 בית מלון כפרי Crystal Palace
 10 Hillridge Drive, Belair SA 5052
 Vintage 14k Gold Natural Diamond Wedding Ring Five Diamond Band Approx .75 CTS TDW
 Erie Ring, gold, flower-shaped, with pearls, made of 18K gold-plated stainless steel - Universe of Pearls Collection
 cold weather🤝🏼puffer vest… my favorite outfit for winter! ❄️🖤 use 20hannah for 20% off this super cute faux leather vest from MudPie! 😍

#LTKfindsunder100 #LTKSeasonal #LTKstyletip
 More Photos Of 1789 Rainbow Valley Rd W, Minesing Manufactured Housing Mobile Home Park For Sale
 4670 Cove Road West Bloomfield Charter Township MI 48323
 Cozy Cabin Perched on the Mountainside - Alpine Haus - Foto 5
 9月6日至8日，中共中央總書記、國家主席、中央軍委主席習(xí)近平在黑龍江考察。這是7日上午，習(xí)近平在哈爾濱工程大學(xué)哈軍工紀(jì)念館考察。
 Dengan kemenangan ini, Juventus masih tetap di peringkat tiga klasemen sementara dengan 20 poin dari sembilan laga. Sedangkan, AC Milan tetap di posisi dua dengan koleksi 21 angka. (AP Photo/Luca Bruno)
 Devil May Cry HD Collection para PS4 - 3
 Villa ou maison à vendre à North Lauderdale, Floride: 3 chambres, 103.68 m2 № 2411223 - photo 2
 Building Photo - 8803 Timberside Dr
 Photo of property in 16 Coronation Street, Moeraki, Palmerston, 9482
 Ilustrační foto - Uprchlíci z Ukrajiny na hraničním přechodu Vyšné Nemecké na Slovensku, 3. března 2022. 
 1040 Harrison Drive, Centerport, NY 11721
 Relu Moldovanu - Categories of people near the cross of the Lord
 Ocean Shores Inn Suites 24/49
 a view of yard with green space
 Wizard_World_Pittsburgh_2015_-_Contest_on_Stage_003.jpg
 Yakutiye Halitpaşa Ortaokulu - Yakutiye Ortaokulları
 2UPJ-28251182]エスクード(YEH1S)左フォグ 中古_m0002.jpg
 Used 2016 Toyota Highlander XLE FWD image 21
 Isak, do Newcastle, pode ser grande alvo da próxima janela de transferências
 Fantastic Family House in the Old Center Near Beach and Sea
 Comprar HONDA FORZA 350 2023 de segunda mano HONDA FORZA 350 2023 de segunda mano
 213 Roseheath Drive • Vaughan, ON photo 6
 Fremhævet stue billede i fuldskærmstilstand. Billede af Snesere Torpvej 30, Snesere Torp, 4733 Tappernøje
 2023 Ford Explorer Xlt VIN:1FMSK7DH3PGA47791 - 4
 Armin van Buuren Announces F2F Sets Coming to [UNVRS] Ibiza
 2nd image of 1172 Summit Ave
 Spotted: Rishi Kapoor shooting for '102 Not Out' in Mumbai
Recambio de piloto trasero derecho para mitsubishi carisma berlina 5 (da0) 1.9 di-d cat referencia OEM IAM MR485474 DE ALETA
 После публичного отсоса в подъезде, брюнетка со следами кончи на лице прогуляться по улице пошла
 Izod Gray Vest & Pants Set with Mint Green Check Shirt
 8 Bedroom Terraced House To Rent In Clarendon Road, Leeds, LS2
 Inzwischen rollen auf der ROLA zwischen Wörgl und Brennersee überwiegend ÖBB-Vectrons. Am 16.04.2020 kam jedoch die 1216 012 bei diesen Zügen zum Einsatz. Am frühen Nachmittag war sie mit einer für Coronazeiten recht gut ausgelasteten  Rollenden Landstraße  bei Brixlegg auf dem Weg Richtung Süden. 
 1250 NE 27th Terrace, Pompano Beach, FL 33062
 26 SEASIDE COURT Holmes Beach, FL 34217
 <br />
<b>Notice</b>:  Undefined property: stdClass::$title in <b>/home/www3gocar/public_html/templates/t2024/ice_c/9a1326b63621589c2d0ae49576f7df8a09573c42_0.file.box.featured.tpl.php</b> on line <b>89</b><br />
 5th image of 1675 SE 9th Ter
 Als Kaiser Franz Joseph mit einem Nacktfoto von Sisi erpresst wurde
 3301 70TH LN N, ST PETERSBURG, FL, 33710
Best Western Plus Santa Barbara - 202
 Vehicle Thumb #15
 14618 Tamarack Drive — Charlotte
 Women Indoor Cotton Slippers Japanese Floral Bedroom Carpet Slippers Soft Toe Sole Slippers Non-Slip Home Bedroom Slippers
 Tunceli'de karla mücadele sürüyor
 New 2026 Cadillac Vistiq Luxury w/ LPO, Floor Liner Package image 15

================================

Each of the entries must be set down exactly, none omitted.

 בית מלון כפרי Crystal Palace
 10 Hillridge Drive, Belair SA 5052
 Vintage 14k Gold Natural Diamond Wedding Ring Five Diamond Band Approx .75 CTS TDW
 Erie Ring, gold, flower-shaped, with pearls, made of 18K gold-plated stainless steel - Universe of Pearls Collection
 cold weather🤝🏼puffer vest… my favorite outfit for winter! ❄️🖤 use 20hannah for 20% off this super cute faux leather vest from MudPie! 😍

#LTKfindsunder100 #LTKSeasonal #LTKstyletip
 More Photos Of 1789 Rainbow Valley Rd W, Minesing Manufactured Housing Mobile Home Park For Sale
 4670 Cove Road West Bloomfield Charter Township MI 48323
 Cozy Cabin Perched on the Mountainside - Alpine Haus - Foto 5
 9月6日至8日，中共中央總書記、國家主席、中央軍委主席習(xí)近平在黑龍江考察。這是7日上午，習(xí)近平在哈爾濱工程大學(xué)哈軍工紀(jì)念館考察。
 Dengan kemenangan ini, Juventus masih tetap di peringkat tiga klasemen sementara dengan 20 poin dari sembilan laga. Sedangkan, AC Milan tetap di posisi dua dengan koleksi 21 angka. (AP Photo/Luca Bruno)
 Devil May Cry HD Collection para PS4 - 3
 Villa ou maison à vendre à North Lauderdale, Floride: 3 chambres, 103.68 m2 № 2411223 - photo 2
 Building Photo - 8803 Timberside Dr
 Photo of property in 16 Coronation Street, Moeraki, Palmerston, 9482
 Ilustrační foto - Uprchlíci z Ukrajiny na hraničním přechodu Vyšné Nemecké na Slovensku, 3. března 2022. 
 1040 Harrison Drive, Centerport, NY 11721
 Relu Moldovanu - Categories of people near the cross of the Lord
 Ocean Shores Inn Suites 24/49
 a view of yard with green space
 Wizard_World_Pittsburgh_2015_-_Contest_on_Stage_003.jpg
 Yakutiye Halitpaşa Ortaokulu - Yakutiye Ortaokulları
 2UPJ-28251182]エスクード(YEH1S)左フォグ 中古_m0002.jpg
 Used 2016 Toyota Highlander XLE FWD image 21
 Isak, do Newcastle, pode ser grande alvo da próxima janela de transferências
 Fantastic Family House in the Old Center Near Beach and Sea
 Comprar HONDA FORZA 350 2023 de segunda mano HONDA FORZA 350 2023 de segunda mano
 213 Roseheath Drive • Vaughan, ON photo 6
 Fremhævet stue billede i fuldskærmstilstand. Billede af Snesere Torpvej 30, Snesere Torp, 4733 Tappernøje
 2023 Ford Explorer Xlt VIN:1FMSK7DH3PGA47791 - 4
 Armin van Buuren Announces F2F Sets Coming to [UNVRS] Ibiza
 2nd image of 1172 Summit Ave
 Spotted: Rishi Kapoor shooting for '102 Not Out' in Mumbai
Recambio de piloto trasero derecho para mitsubishi carisma berlina 5 (da0) 1.9 di-d cat referencia OEM IAM MR485474 DE ALETA
 После публичного отсоса в подъезде, брюнетка со следами кончи на лице прогуляться по улице пошла
 Izod Gray Vest & Pants Set with Mint Green Check Shirt
 8 Bedroom Terraced House To Rent In Clarendon Road, Leeds, LS2
 Inzwischen rollen auf der ROLA zwischen Wörgl und Brennersee überwiegend ÖBB-Vectrons. Am 16.04.2020 kam jedoch die 1216 012 bei diesen Zügen zum Einsatz. Am frühen Nachmittag war sie mit einer für Coronazeiten recht gut ausgelasteten  Rollenden Landstraße  bei Brixlegg auf dem Weg Richtung Süden. 
 1250 NE 27th Terrace, Pompano Beach, FL 33062
 26 SEASIDE COURT Holmes Beach, FL 34217
 <br />
<b>Notice</b>:  Undefined property: stdClass::$title in <b>/home/www3gocar/public_html/templates/t2024/ice_c/9a1326b63621589c2d0ae49576f7df8a09573c42_0.file.box.featured.tpl.php</b> on line <b>89</b><br />
 5th image of 1675 SE 9th Ter
 Als Kaiser Franz Joseph mit einem Nacktfoto von Sisi erpresst wurde
 3301 70TH LN N, ST PETERSBURG, FL, 33710
Best Western Plus Santa Barbara - 202
 Vehicle Thumb #15
 14618 Tamarack Drive — Charlotte
 Women Indoor Cotton Slippers Japanese Floral Bedroom Carpet Slippers Soft Toe Sole Slippers Non-Slip Home Bedroom Slippers
 Tunceli'de karla mücadele sürüyor
 New 2026 Cadillac Vistiq Luxury w/ LPO, Floor Liner Package image 15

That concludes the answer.